Writers, Writers Everywhere

Almost two weeks ago, I attended my first writers’ conference.  I’ve been a member of the Alabama Writers’ Conclave for two years and after missing the 2010 conference in Birmingham and living with twelve months of regret, I couldn’t have been more excited to make it to Hunstville for 2011.  It was such an incredible experience to turn in any direction and be greeted with a smile or handshake and the question, “What do you write?”  I held my shoulders back and chin high and never felt one twinge of embarrassment when I answered:  “Middle-Grade/YA Fantasy.  My completed manuscript is about a girl who discovers she’s the long-awaited heir of a genie.”  It’s not a statement I make at my children’s school or in a room full of coworkers without feeling the sting of at least half a dozen eye rolls, so it was liberating to say the least.
The AWC conference had much to offer.  I attended workshops by Chris Roerden, award-winning author of Don’t Sabotage Your Submission, Insider Information from a Career Editor and its original version Don’t Murder Your Mystery, 24 Fiction-Writing Techniques to Save Your Manuscript from Turning Up D.O.A., who taught me more about the impression a submission needs to make on the First Reader of a literary agency or publishing house and gave useful tips on “when to tell and how to show”; Jim Minick, poet and author of the memoir The Blueberry Years, about one of the mid-Atlantic’s first pick-your-own, certified-organic blueberry farms, who offered instruction on “Playing With Time:  How Prose Writers Manipulate Time” (helpful for all those flashbacks in HEIR TO THE LAMP when I fill-in the reader about a bit of back-story); and Rabbi Rami Shapiro, award-winning author, poet, essayist, educator and Director of The Writers’ Loft at Middle Tennessee State University, who’s workshop “What Would Jesus Tweet:  The Power of Writing Short” and presentation on his latest project “Thou Hast Mail” were hysterical and my very favorites.

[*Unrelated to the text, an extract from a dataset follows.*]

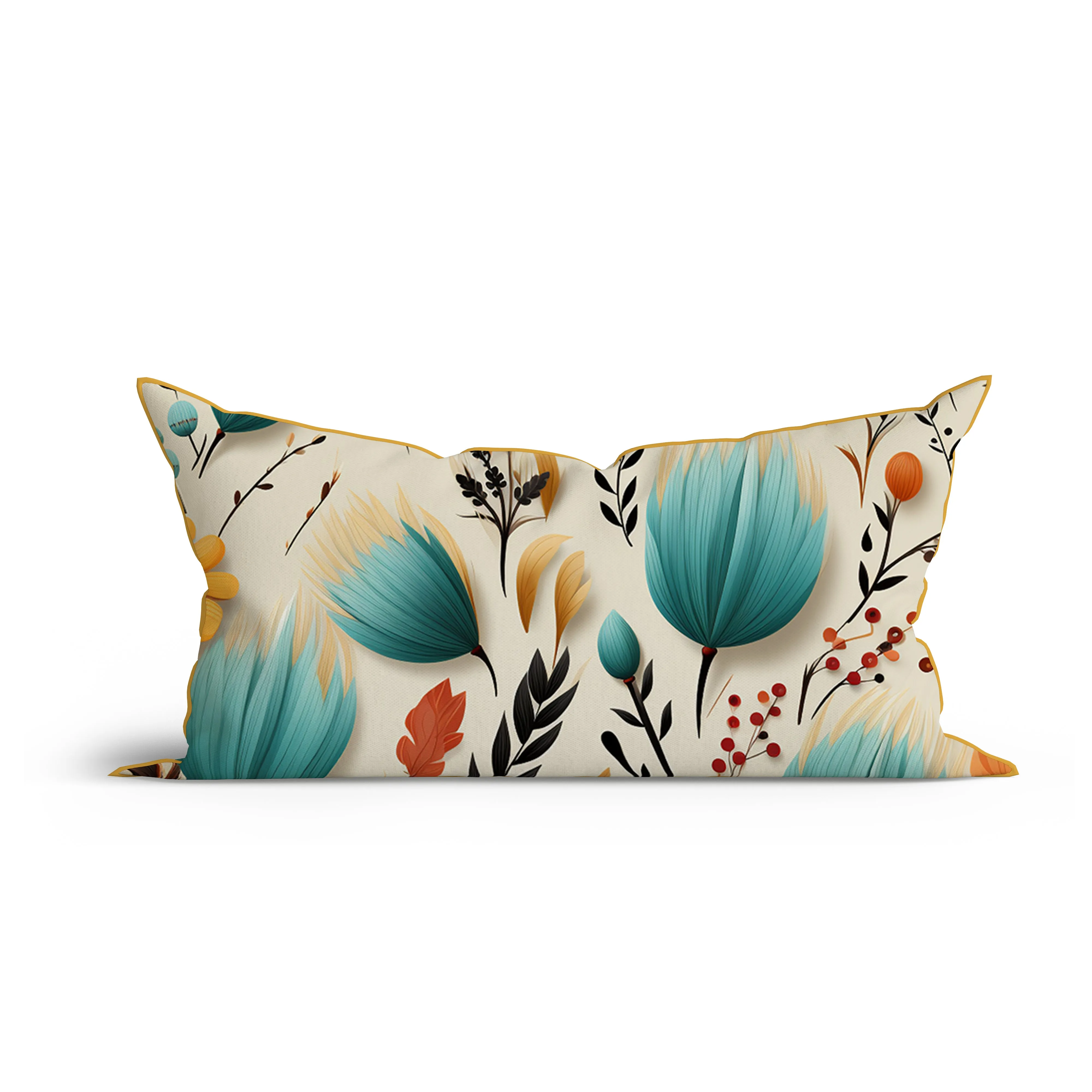 Bohemian Floral Breeze Printed Cotton Sofa Cushion Cover Set with Piping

I also met many delightful fellow attendees.  Two new friends, Joan Hazel and Patricia Weaver, won awards for short stories they submitted for the conference contests.  There were newspaper columnists, poets, and orators sprinkled in among the various fantasy, mystery, memoir, and literary writers, all at different stages in their writing careers.  It wasn’t until the end of the day on Saturday that I finally met up with the other children’s/YA writers, though.  They were a great group and I’m so glad to have met them.  I’ll be sure to seek out those peers earlier next time.
The highlight of my experience was the open-mic event Saturday night, when I read a few pages from my new project.  I’m calling the piece JUST LIKE MY FATHER SAID, but I’m pretty positive I won’t be keeping the title.  It’s a fictionalized story about my mother and her siblings, who lost their father the summer of 1968 when they were very young.  After their father’s death, their mother got a job for the first time and hired a housekeeper to look after them and their home while she struggled to adjust to life as a young widow.  I’ve known my whole life about the circumstances surrounding my grandfather’s death and how that event impacted my grandmother, mother, aunt and uncle.  What I only learned recently, however, was that they were shepherded through this exceptionally painful time in their lives by their housekeeper, a black woman named Queen Esther Crumb.  After getting over the initial shock of having never been told of Queen Esther, my mind was crowded with thoughts of her and I practically hummed with urgency to write the story that brought her into my family history.  I read a few pages of my first draft to a room of fellow writers and got a warm response.  Sue Walker, Poet Laureate of Alabama, even stopped by my seat afterwards to tell me how much she enjoyed what I’d read.  It’s quite different from The Genie Chronicles, but it will have an element of fantasy and I have high hopes for it.  I also had the pleasure of hearing others read some of their work.  My personal favorite was a piece called Spilled Milk by Stephen R. Edmondson. 
If I had the budget to do so, I’d attend a writers’ conference somewhere every weekend.  My first experience was the most fun, useful, constructive, motivating and encouraging I’ve had as a writer so far, and I’m already looking forward to the next.